With cuts across the board in arts industries, people are looking more closely at the purpose and value that the arts sector provides.
A recent performance of The Edge, directed by Douglas Rintoul and performed by students from Transport and Central School of Speech and Drama at the Diorama Theatre in London last week, explored parallels between journeys made by asylum seekers and journeys made by people from more affluent and politically stable countries.
The narrative of the show was developed and built by the students while conducting a range of what we would call ‘expert interviews’. They spoke to channel swimmers, political migrants and expert climate historians. The result was a series of compelling in-depth insights into the personalities and relationships between people in search of a new existence.
The analogy between drama and what takes place in service design could be looked at in terms of sequences and journeys – both the emotional journey of a character and the actor portraying them, and the physical journey of production. These similarities are reflected in service design in the tangible roll out of a service and the emotional journey of the customer in relation to their experience of it.

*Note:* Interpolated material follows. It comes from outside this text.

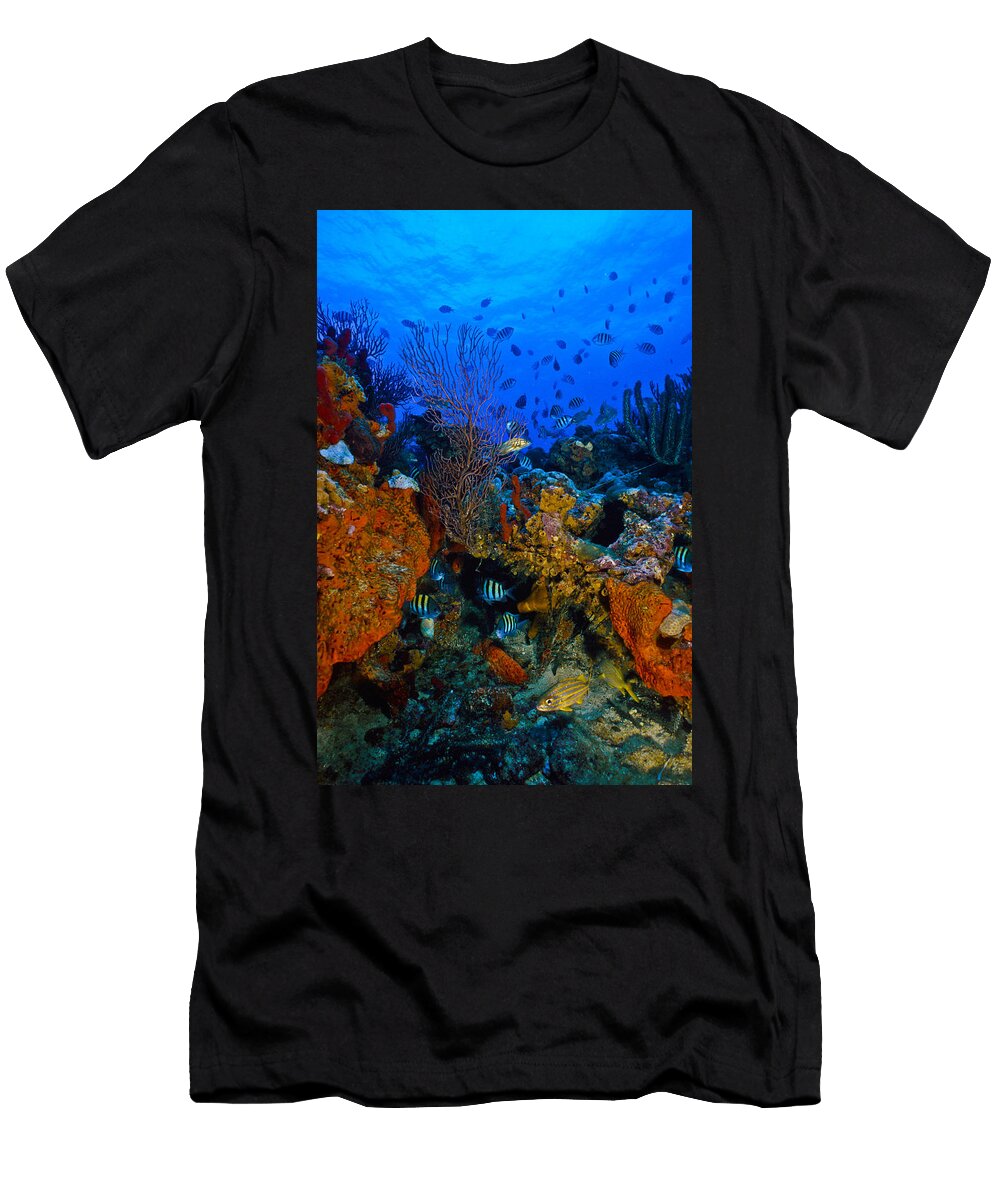 Lynns Reef Sandra Edwards T-Shirt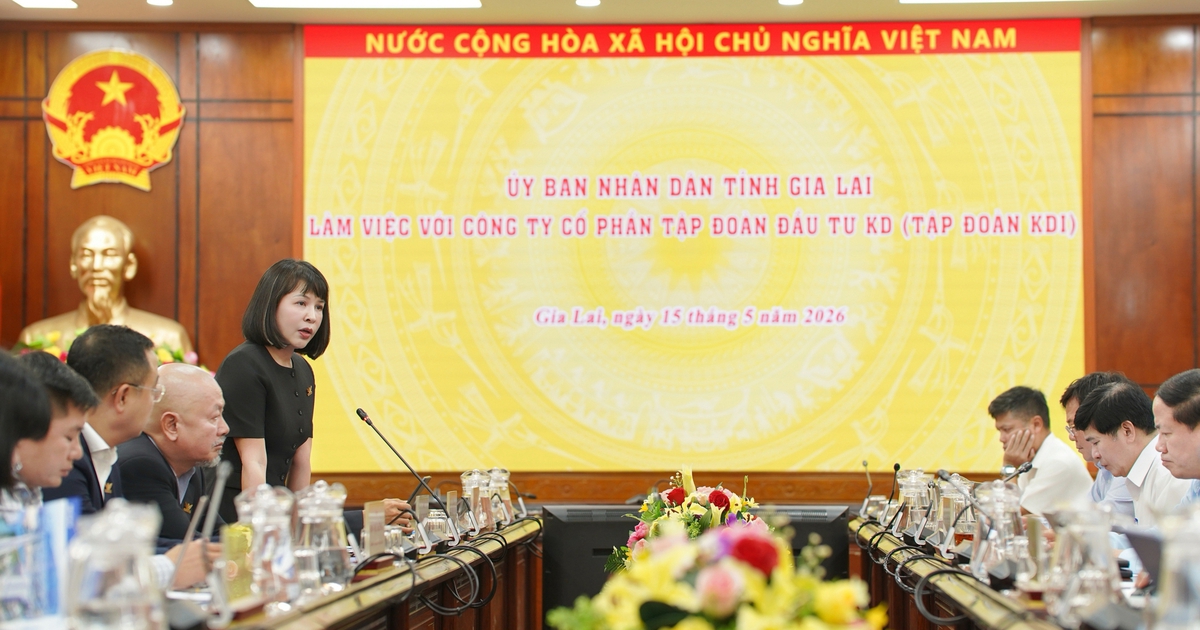 KDI Group làm việc với Gia Lai: Tiềm năng và tư duy phát triển hệ sinh thái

Similarly, as a director will both understand the nuances of a character, the nuances of the actor required to deliver the performance and the intricacies and politics around production, funding and marketing of a play, a service designer must reconcile the differences of a company’s function and structure with the role of frontline staffand the needs and requirements of the user.
The collaboration between the range of input and the potential of the results, familiar to both disciplines, can be demonstrated in this recent production of The Edge – a production that addresses contemporary issues and informs them by research into real people’s experiences.
Theatre relies on constant transformation to stay relevant and attract and engage its audience. Particularly at this period, the industry has to prove itself and its necessity.
What influence can service design take from an established industry that is innovating to stay ahead of the game and to fight for its continued place in culture, appreciation and financial support?
Performance and drama has been adopted for many years by the advertising industry, but how could it be relevant all the way through a customer journey – from acquisition, communications and after care and support?
How could the passion of a cast be transcribed into the roles of frontline staff? Could services be delightfully rejuvenated as a result of the input of the ‘cast’ themselves?